Factors affecting entrepreneurship in developing countries
The most obvious factor that affects entrepreneurs in developing countries is the lack of capital. Most individuals in these countries have limited savings and often do not have sufficient capital to start their own business. As such, they turn to external financing so that they can start their business. Even though they may want to borrow money from banks, chances are they won’t get approved for loans due to their limited income. As a result, they turn to informal sources of money and accept paying high-interest rates.
Governments of developing countries also have stricter requirements when it comes to opening new businesses. In New Zealand, it takes only one day to start a business while it takes 48 days in Botswana. Government relations are also crucial for businesses because most business opportunities involving lots of money are in the world of politics. Corruption in the government is more likely to influence entrepreneurial activities in the country. These challenges influence entrepreneurs in developing countries to have unethical practices such as bribing government officials to have faster results or to remove the benefits of employees just to save money.

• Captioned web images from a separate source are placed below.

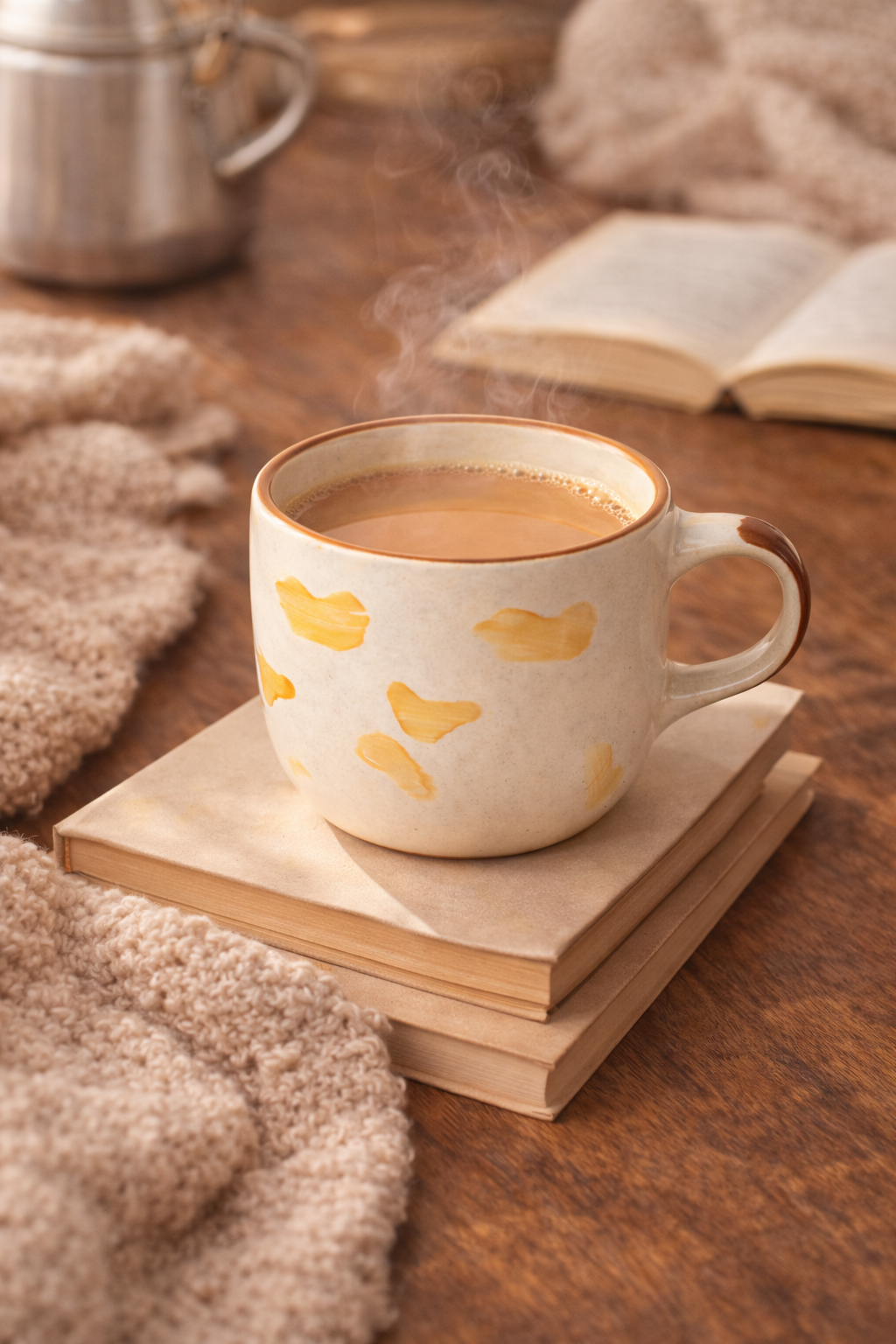 Little Duck Mug | Cute Handcrafted Ceramic Mug for Chai & Coffee by GupShupCups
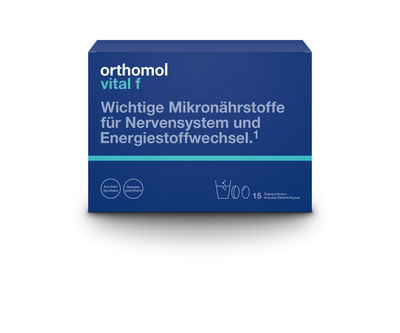 ORTHOMOL Vital F Granulat/Kap./Tabl.Kombip.15 Tage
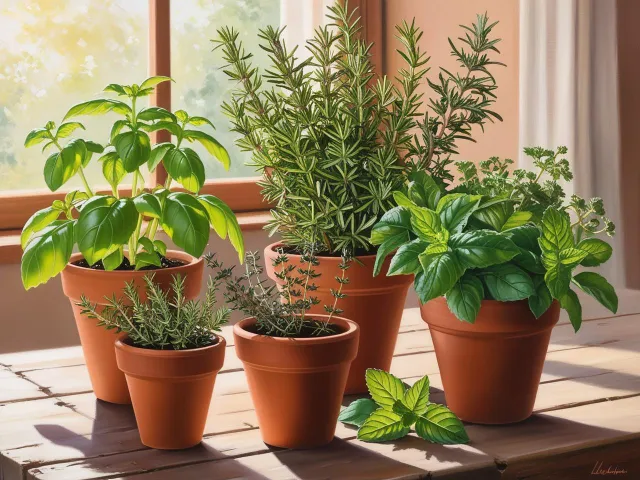 Top 5 Easiest Herbs to Grow Indoors Year-Round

How mentoring could help entrepreneurs in developing countries
Mentoring could be helpful for entrepreneurs in developing countries as mentors could encourage them to practice ethical entrepreneurship. Understanding the context of entrepreneurs in developing countries is needed to be able to guide them. One of the challenges they face is the financial aspect of their lives, so it would be better for the mentor to be knowledgeable about the different ways that start-ups in a developing country can get funding to boost their initial capital. Some governments of developed countries such as the Netherlands offer help to owners of small businesses to get access to microcredit.
Governments work differently from one country to another, which is why it is vital to conduct research about how governments in developing countries usually process business applications of entrepreneurs. Help new businessmen to start their own businesses by guiding them in each step of their business application. Mentors could also guide entrepreneurs to realize the value of ethical business practices in the long run.
Many would say that ethics and business do not go together. But if we want to have a world that values sustainability and good relations, ethical entrepreneurship is the answer. Help your peers in developing countries to succeed by becoming their mentors. To paraphrase the words of John F. Kennedy, ask not what the world can do for you, ask what you can do for the world.